TO DO
The answer must consist only of the lines from the line with "Snapshot of SelenaCute" to the line with "Produktfoto 2 von", both included, exactly as they stand below.

SUPPLIED RECORDS
——————————

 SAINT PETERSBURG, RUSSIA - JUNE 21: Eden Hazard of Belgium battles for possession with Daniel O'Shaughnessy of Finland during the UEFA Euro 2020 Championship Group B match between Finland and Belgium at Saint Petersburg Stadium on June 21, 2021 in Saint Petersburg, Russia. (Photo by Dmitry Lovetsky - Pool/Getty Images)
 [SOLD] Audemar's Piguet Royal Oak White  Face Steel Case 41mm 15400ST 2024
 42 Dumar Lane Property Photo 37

——————————

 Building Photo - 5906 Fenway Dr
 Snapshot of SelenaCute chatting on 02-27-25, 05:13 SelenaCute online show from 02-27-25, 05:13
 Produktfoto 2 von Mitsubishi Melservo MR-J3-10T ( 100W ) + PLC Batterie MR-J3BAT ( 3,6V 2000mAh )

——————————

ANSWER BOX
 Snapshot of SelenaCute chatting on 02-27-25, 05:13 SelenaCute online show from 02-27-25, 05:13
 Produktfoto 2 von Mitsubishi Melservo MR-J3-10T ( 100W ) + PLC Batterie MR-J3BAT ( 3,6V 2000mAh )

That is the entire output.